In 1923, he was one of the founding members of The Uganda Society, a cultural, and scientific society and became its president in 1934–1935. He served in the British Army during the Second World War and was sent to Botswana in 1943, where he became the director of the Bechuanaland Geological Survey. He also excavated and wrote about prehistoric sites and fossils in Botswana, such as Tsodilo Hills and Makapansgat. In 1939–45, he again served in the war, but this time he also did geological work in Bechuanaland (Botswana).

== Honors and legacy ==
Wayland was awarded with the CBE (Commander of the Order of the British Empire) in 1935 for his services to geology and archaeology in Uganda.
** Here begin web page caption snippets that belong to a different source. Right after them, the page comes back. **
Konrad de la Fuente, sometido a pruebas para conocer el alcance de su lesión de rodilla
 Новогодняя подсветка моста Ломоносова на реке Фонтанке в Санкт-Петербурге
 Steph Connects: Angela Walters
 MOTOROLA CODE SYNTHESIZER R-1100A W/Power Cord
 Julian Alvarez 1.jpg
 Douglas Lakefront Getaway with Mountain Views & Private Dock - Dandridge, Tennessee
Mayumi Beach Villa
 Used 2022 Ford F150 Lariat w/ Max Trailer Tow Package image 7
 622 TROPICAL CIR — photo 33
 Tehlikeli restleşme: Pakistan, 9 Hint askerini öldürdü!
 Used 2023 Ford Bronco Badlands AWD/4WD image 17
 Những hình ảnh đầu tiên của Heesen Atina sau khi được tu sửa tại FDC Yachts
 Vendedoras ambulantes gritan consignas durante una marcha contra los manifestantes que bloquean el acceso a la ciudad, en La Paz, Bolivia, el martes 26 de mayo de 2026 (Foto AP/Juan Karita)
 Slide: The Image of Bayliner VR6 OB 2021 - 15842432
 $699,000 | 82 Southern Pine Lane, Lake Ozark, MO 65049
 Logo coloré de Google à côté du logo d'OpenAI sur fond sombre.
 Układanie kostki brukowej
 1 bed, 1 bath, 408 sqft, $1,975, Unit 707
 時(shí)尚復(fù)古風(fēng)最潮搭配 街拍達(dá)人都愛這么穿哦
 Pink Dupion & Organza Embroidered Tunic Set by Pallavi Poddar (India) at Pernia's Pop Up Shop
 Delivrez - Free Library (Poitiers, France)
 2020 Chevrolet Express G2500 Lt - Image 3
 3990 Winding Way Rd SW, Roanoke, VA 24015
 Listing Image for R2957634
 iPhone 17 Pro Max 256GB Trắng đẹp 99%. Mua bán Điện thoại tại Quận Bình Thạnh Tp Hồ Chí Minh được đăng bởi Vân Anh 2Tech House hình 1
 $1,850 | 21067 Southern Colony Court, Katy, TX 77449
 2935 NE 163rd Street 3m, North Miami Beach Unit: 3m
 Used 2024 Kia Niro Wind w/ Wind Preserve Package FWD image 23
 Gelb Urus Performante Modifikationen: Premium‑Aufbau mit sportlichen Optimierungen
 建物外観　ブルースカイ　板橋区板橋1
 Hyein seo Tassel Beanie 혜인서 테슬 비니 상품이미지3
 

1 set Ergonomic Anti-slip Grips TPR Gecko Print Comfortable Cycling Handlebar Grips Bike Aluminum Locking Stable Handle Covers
He retired in 1953 and moved to Ramsgate, Kent, where he died on 11 July 1966. He donated many of his archaeological and paleontological specimens to the British Museum and other institutions. He is regarded as one of the pioneers of African prehistory and a mentor to many African and British scholars.

== Personal life ==
Wayland married Ellen Morrison in 1917.

== Publications ==

- Wayland wrote on geology, much on Africa. He authored “Stones of the Nawaratna: Their mythical significance and superstitious lore” which was published in the Journal of the Royal Asiatic Society of Great Britain and Ireland.
- In 1925, as a Government Geologist, he documented the petroleum potential of Uganda in the publication "Petroleum in Uganda".